In a recent ruling destined to be referred to often, the Delaware Court of Chancery provided the analysis used, in the context of a closely-held company, to determine an award of attorneys’ fees in representative corporate litigation. It is most notable for its discussion of the infrequently discussed concept of the “transitive property of entity litigation.” In the end, in Baker v. Sadiq, C.A. No. 9464-VCL (Del. Ch. Aug. 16, 2016), the court awarded typical fees based on the payment of settlement proceeds directly to the minority stockholder. Also included is a useful recitation of the typical range of fees awarded by the court based on a sliding scale percentage of settlement funds created.


The court explained that the transitive property of entity litigation recognizes that a derivative action that asserts claims for breaches of fiduciary duty and an investor class action that asserts similar theories may be conceptually distinct and doctrinally separate, but can be functionally equivalent and, therefore, substitutes.

The court described the concept of transitive property in mathematics as providing that if A = B, and B = C, then A = C. In the world of entity litigation, the transitive property recognizes that an entity-level recovery can be the equivalent of an investor-level recovery and vice versa. This concept calls to mind a comparison with the syllogistic logic or Aristotelian logic exemplified by the following syllogism: 

Major premise: All humans are mortal.
Minor premise: All Greeks are humans.
Conclusion: All Greeks are mortal.

The court gave the following example of the transitive property concept: Consider a minority investor suing derivatively on behalf of the entity. If the plaintiff prevails entirely the typical remedy would provide a monetary recovery payable to the entity. The entity-level of monetary recovery benefits all the investors indirectly, including the controller who was found liable for breaches of fiduciary duty. The indirect benefit to the minority investor is equal to her percentage interest in the entity multiplied by the amount of the entity-level recovery.

In light of this reality, the controller could make the minority investors whole through a direct cash payment equal to their proportionate share of the entity-level recovery. This, of course, would typically apply in the context of a closely-held company with a small number of stockholders.

Legal Analysis

The court provided several examples of transcript rulings in which the Delaware Court of Chancery employed the transitive property concept to settle derivative actions using investor-level relief.

The court also discussed the legal principles and the public policy basis involved. The benefits of using the transitive property to settle derivative litigation with an investor-level recovery provides an advantage to the plaintiff who gets actual cash rather an indirect benefit.

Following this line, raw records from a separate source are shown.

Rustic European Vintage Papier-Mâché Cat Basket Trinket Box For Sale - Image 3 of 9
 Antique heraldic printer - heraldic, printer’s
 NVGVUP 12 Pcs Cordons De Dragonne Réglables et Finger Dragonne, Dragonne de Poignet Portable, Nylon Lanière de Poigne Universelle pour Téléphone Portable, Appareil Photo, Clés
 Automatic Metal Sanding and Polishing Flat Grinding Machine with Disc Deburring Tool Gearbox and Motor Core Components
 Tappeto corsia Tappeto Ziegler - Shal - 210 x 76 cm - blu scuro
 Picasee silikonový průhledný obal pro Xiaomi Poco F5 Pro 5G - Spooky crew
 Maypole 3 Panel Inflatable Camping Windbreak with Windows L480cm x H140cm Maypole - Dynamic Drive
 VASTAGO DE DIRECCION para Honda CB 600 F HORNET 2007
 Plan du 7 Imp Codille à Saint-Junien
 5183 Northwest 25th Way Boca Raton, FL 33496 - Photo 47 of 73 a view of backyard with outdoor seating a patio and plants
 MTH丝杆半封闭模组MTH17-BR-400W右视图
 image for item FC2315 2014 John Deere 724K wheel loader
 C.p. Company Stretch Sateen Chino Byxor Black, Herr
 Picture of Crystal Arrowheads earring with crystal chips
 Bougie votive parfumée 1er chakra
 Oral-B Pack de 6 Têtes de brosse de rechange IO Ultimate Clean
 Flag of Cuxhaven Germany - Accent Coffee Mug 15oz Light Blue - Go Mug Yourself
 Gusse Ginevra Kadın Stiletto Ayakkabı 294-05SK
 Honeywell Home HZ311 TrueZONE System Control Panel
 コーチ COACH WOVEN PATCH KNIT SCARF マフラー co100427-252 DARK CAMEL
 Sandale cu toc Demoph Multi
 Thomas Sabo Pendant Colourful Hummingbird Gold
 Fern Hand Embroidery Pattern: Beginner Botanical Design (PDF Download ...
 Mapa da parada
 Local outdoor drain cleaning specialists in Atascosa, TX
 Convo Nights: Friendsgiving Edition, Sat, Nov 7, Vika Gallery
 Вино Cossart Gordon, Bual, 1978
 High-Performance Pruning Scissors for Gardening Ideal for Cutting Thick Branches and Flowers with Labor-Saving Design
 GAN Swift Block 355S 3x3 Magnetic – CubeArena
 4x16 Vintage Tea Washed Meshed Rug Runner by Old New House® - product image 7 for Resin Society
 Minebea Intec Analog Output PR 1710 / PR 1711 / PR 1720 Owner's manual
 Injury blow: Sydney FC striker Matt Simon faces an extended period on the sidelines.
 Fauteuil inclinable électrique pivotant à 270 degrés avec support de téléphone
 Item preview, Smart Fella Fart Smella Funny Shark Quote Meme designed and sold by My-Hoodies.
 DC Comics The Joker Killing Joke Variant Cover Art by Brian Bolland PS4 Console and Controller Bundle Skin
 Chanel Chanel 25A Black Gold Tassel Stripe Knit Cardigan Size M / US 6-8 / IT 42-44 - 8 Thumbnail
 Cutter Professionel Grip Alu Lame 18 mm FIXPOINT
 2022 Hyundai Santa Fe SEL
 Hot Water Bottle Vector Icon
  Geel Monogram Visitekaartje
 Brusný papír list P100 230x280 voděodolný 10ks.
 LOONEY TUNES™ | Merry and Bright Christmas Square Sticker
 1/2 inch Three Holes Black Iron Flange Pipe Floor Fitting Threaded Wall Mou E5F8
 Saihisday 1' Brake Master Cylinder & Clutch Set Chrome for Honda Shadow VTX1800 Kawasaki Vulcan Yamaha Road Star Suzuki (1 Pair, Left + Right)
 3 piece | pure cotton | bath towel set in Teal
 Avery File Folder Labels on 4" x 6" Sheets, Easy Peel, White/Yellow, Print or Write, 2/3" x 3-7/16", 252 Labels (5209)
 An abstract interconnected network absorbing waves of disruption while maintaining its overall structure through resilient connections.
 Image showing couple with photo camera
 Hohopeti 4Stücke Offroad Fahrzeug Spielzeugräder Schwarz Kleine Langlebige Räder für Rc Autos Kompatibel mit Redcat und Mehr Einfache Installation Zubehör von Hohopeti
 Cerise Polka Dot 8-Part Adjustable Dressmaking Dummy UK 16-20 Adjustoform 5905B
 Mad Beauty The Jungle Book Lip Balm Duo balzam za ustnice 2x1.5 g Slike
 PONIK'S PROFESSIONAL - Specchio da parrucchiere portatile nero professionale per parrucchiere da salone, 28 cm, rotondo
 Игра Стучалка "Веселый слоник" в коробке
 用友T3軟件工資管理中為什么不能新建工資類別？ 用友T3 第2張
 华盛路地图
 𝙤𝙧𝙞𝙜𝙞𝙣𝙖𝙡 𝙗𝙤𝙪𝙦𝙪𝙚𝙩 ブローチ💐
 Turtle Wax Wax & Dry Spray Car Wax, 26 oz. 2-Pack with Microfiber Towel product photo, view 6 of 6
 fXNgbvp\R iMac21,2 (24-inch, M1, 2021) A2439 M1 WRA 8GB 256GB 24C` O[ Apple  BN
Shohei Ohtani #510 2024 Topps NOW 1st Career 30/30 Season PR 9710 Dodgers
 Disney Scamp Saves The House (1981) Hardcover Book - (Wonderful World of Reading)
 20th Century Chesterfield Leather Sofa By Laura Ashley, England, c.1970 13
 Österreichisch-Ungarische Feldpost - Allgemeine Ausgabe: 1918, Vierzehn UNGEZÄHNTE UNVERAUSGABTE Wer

It also benefits the defendant who pays a much lower net settlement amount.

The court referred to the endowment effect in which humans value items that they own or control more highly than items of equal value that they do not own or control.

Direct recovery also incentivizes investors who are not enthusiastic about providing an entity-level recovery to fiduciaries who have a history of defalcation and who present the risk of repeated bad behavior.

Basis for Attorneys’ Fees

The downside for plaintiffs’ lawyers in this situation is that the award of attorneys’ fees for representative litigation is usually based on the total fund created for the settlement. In this context, a direct payment to a minority investor is of course much lower than would be the case in the typical entity-level settlement.

Although counsel for plaintiffs in this case sought a recovery based on a hypothetical entity-level recovery of $25 million on which they based their request for $6 million in attorneys’ fees, the court could find no legal basis for applying a percentage to anything other than the $3.2 million direct benefit to the minority stockholder.

Percentage of Fees Based on Settlement Amount and Stage of Case

The court observed that the customary percentages for fee awards are 10% to 15% of the monetary benefit conferred if a “case settles early.” If a case settles after the plaintiffs have “engaged in meaningful litigation efforts, typically including multiple depositions and some level of motion practice,” fees awards in the Court of Chancery range from 15% to 20% of the monetary benefits conferred. Higher percentages up to 33% at the top range are warranted when cases progress to a post-trial adjudication.

In this case, the court awarded 20% of $3.25 million or $650,000. The court found that this was not excessive based on the amount of $390,000 which the plaintiffs would have billed if this were done on an hourly basis. Especially when compared to the billings by defense counsel of over $2 million, the court found the fee award to be on the low end of the scale, but the most appropriate amount based on the facts of this case.

There are many other gems of legal analysis and public policy reasoning to commend the reader to carefully examine the entire court decision in this matter, which should be required reading for anyone interested in the latest iteration of Delaware law on this topic.